*** Records for the exercise ***

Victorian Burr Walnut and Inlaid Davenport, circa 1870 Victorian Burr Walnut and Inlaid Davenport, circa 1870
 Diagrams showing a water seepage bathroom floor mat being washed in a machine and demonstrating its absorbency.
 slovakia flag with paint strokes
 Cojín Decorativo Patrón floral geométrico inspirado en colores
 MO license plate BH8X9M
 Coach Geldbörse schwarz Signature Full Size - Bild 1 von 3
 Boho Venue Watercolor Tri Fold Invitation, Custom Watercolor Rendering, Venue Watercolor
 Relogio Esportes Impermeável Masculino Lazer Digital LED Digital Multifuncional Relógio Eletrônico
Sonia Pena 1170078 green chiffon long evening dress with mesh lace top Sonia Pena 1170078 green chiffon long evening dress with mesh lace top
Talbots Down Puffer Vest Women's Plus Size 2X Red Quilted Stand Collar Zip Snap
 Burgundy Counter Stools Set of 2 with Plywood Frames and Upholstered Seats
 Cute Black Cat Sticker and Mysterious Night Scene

*** End of Records for the exercise ***

*Problem statement:* Please write out, exactly as they appear above, only the lines in the stretch from the line with "Boho Venue Watercolor" through the line with "Talbots Down Puffer".

*Answer for the task:*
 Boho Venue Watercolor Tri Fold Invitation, Custom Watercolor Rendering, Venue Watercolor
 Relogio Esportes Impermeável Masculino Lazer Digital LED Digital Multifuncional Relógio Eletrônico
Sonia Pena 1170078 green chiffon long evening dress with mesh lace top Sonia Pena 1170078 green chiffon long evening dress with mesh lace top
Talbots Down Puffer Vest Women's Plus Size 2X Red Quilted Stand Collar Zip Snap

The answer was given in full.